About 1,300 light-years away, in the constellation Puppis, a ghostly hand emerges from the interstellar medium and reaches into the cosmos. This is the cometary cluster known by the acronym CG 4, a cloudy and ominous structure that is also known by the nickname “the hand of God”, which is one of the many cometary clusters present in the Milky Way. The distinctive shape of these objects and their formation remains a topic of debate among astronomers.
Cometary globules are a subclass of dark nebulae known as Bok globules, isolated clouds of dense cosmic gas and dust, surrounded by very hot, ionized material. When a detachment of material occurs in these clouds, resulting in a tail that extends through space, they are known as cometary globules due to their vague resemblance to a comet, although they have nothing in common. The characteristics that classify CG 4 as a cometary globule do not go unnoticed in this image captured with the Dark Energy Camera (DECam), built by DOE and installed on the Víctor M. Blanco 4-meter Telescope of the Cerro Tololo Observatory (CTIO) , an NSF NOIRLab Program. Its dusty head, with a diameter of 1.5 light years, and its long, wispy tail, about eight light years long, make CG 4 a small Bok globule, a general characteristic of cometary globules.
Although these objects were first observed in 1976 from images obtained with the UK’s Schmidt Telescope in Australia, for a long time, cometary globules were not detected by astronomers because they are very faint objects. Their tails, shrouded in dark stardust, block most of the light from passing through. However, currently DECam, with its Hydrogen-alpha filter [1], can capture the faint red glow of ionized hydrogen present in the head of CG 4 and around its outer edge. This light is produced when hydrogen is stimulated after being bombarded by radiation from hot, nearby massive stars.
However, the intense radiation generated by these nearby massive stars is gradually destroying the head of the globule and sweeping away the tiny particles that scatter starlight. Still, CG 4’s dusty cloud contains enough gas to fuel the active formation of several new Sun-sized stars.
While astronomers have observed these structures throughout the Milky Way, most of them, including CG 4, lie inside a huge blob of incandescent gas called the Gum Nebula, which contains at least 31 cometary globules in addition to CG. 4. This nebula is believed to be nothing more than the expanding remains of a supernova that occurred about a million years ago.
The mechanism by which these comet-like objects acquire their characteristic shape is not well understood, but astronomers have at least two main notions about their origins. The first is that, initially, they could have corresponded to spherical nebulae, such as the Ring Nebula, which were subsequently affected by a nearby supernova explosion, possibly the original explosion that created the Gum Nebula.

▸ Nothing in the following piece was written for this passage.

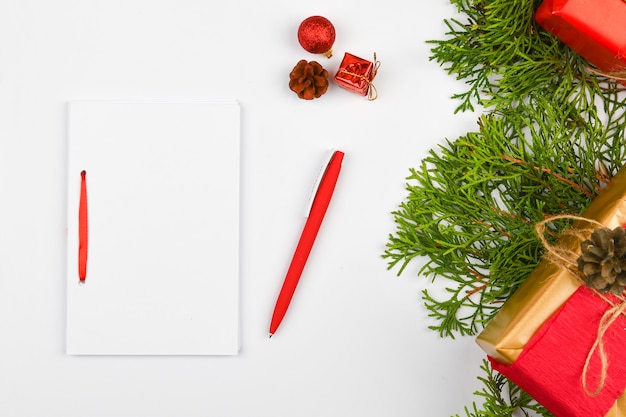 Blank white notebook and red pen on christmas white space. Christmas fir branches, cones, gifts. Letter to Santa Claus, mock up. Blank white notebook and red pen on white.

The second idea suggests that cometary globules are formed by a combination of stellar winds and radiation pressure from hot, nearby massive stars. In fact, all of the cometary globules found within the Gum Nebula appear to have tails that extend away from the center of the nebula, which is where the Vela Supernova Remnant and the Vela Pulsar are located. The latter consists of a fast-spinning neutron star that formed after the collapse of a massive star, and its stellar winds and radiation pressure may be shaping nearby globules.
This image also gives the impression that CG 4 is about to devour the edge-on spiral galaxy ESO 257-19 (PGC 21338), which is visible just in front of it. But in reality, the galaxy lies more than a hundred million light years beyond CG 4 and only appears to be close by a chance alignment.